Dropping every picture, set down exactly the lines in the entries below, starting with the line with "Этот монстр стоит" and going on through the line with "Bloemen Short Maat".

# STORED DATA:
━━━

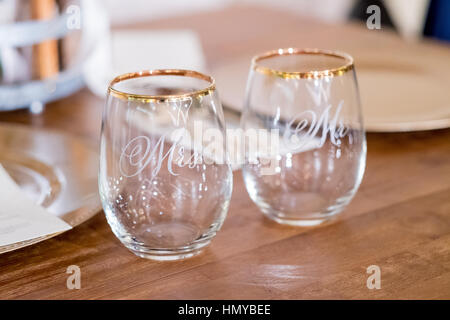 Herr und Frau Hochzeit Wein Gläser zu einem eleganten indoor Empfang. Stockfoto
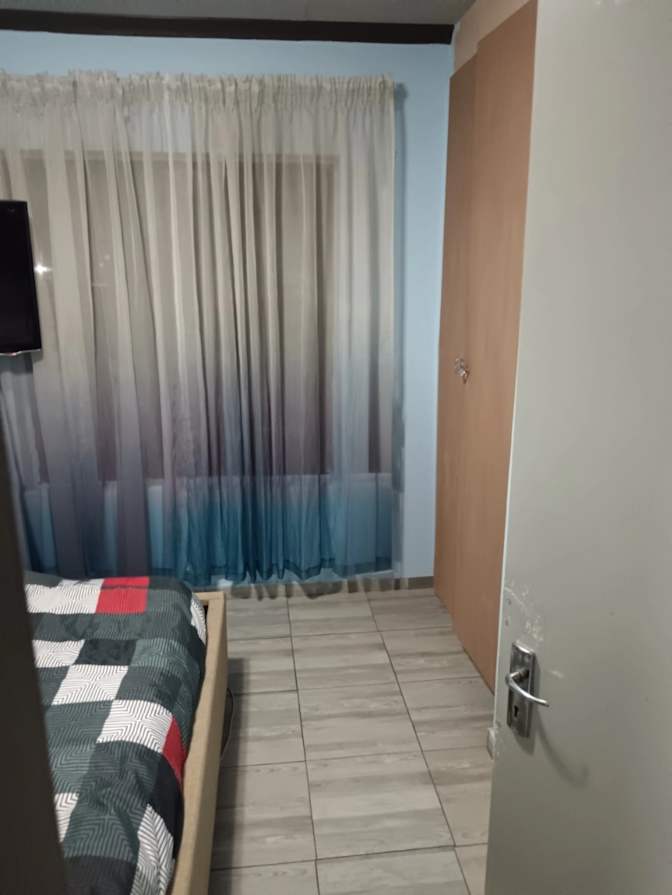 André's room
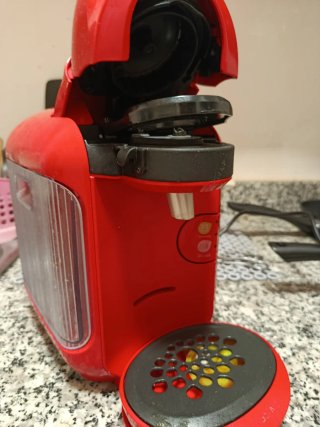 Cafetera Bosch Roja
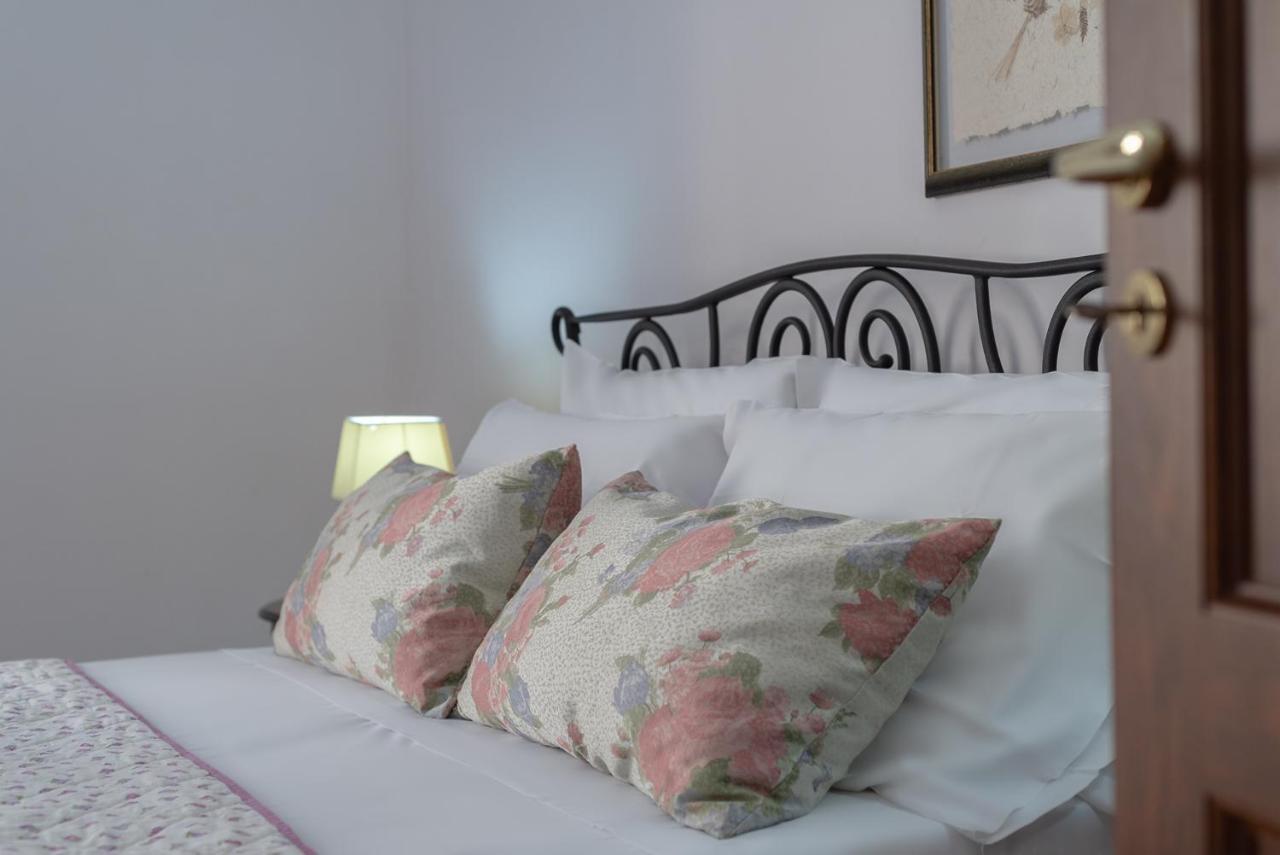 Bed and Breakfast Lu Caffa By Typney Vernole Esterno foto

━━━

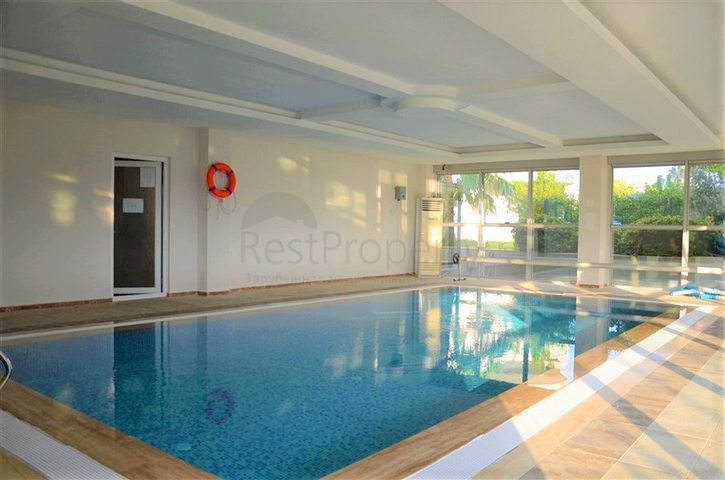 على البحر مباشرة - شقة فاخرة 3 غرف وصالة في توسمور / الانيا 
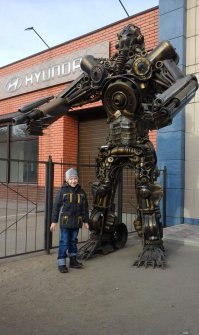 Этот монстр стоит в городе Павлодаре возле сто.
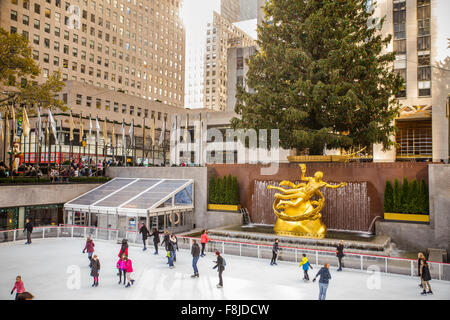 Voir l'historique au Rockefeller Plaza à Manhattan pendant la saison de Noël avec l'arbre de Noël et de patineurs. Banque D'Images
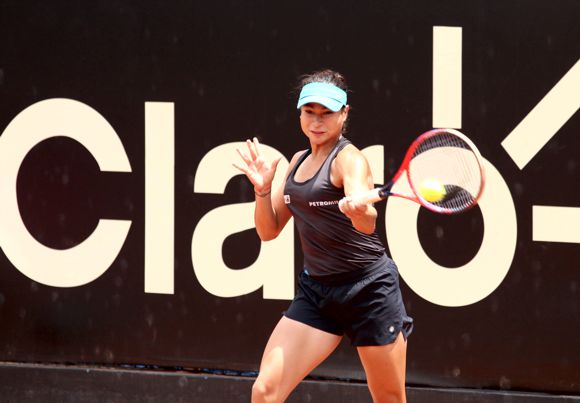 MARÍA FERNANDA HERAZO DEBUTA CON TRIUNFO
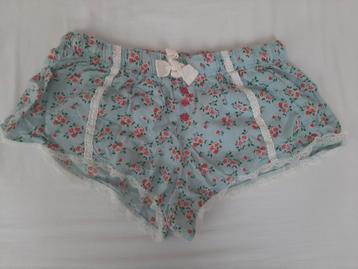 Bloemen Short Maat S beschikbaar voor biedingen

━━━

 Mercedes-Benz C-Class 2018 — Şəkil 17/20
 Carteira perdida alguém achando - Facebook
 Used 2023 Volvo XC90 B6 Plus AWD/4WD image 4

━━━

# EXERCISE ANSWER:
 Этот монстр стоит в городе Павлодаре возле сто.
 Voir l'historique au Rockefeller Plaza à Manhattan pendant la saison de Noël avec l'arbre de Noël et de patineurs. Banque D'Images
 MARÍA FERNANDA HERAZO DEBUTA CON TRIUNFO
 Bloemen Short Maat S beschikbaar voor biedingen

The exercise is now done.